TASK GOAL
Return the following from the records below: each line, word for word, starting with the line that contains "KOMOROWA PAKOWARKA PRÓŻNIOWA VACUUM DZ 280C" and going on through the line that contains "Igra Word Connect", with nothing outside that range.

[Caption-style text data]
• • • •

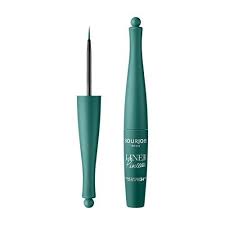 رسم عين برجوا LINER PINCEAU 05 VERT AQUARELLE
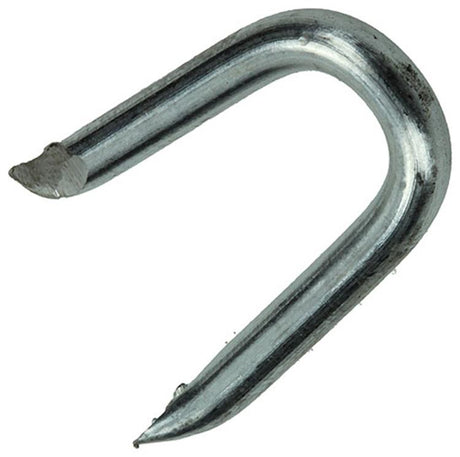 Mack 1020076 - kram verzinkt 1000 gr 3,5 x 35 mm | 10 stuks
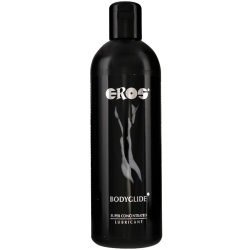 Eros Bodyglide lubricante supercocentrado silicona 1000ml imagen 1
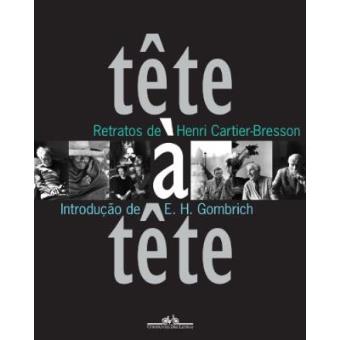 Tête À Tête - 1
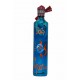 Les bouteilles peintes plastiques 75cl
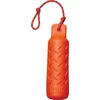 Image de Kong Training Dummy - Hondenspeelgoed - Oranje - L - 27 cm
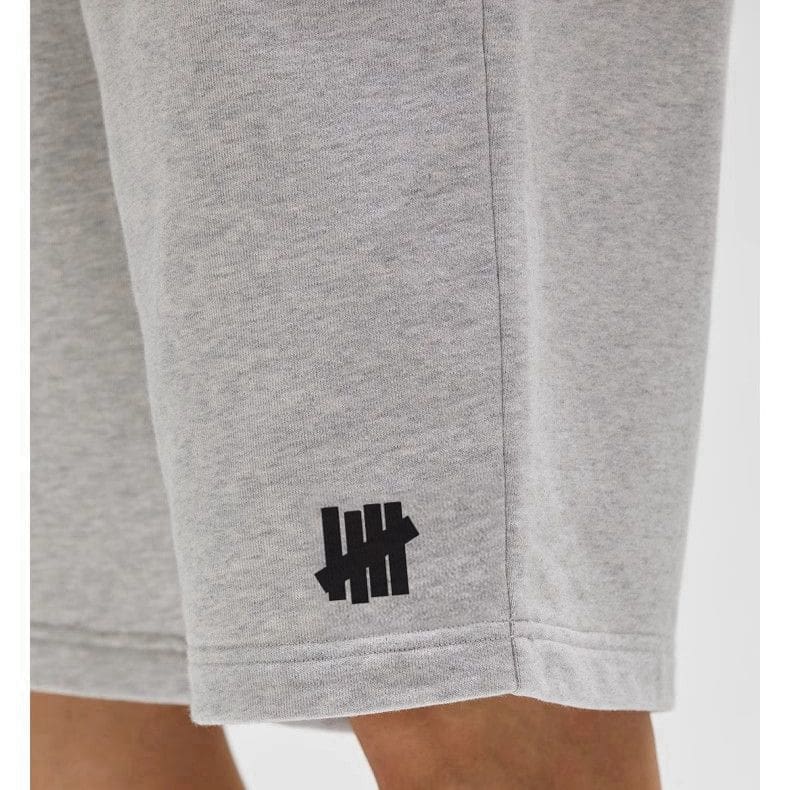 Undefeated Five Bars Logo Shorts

• • • •

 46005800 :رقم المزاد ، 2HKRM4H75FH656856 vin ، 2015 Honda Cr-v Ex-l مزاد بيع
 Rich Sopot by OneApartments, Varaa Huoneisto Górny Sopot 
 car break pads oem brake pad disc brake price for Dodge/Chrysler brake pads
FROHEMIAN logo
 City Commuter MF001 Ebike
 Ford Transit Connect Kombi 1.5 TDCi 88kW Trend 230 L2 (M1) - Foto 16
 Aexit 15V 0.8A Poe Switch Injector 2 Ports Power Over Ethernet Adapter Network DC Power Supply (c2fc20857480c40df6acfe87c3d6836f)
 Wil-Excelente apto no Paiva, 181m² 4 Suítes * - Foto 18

• • • •

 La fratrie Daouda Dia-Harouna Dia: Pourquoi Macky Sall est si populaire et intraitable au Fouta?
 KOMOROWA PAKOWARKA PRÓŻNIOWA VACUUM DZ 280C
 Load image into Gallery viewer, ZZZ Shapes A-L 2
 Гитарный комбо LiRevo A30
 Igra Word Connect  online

• • • •

WRITTEN SOLUTION
 KOMOROWA PAKOWARKA PRÓŻNIOWA VACUUM DZ 280C
 Load image into Gallery viewer, ZZZ Shapes A-L 2
 Гитарный комбо LiRevo A30
 Igra Word Connect  online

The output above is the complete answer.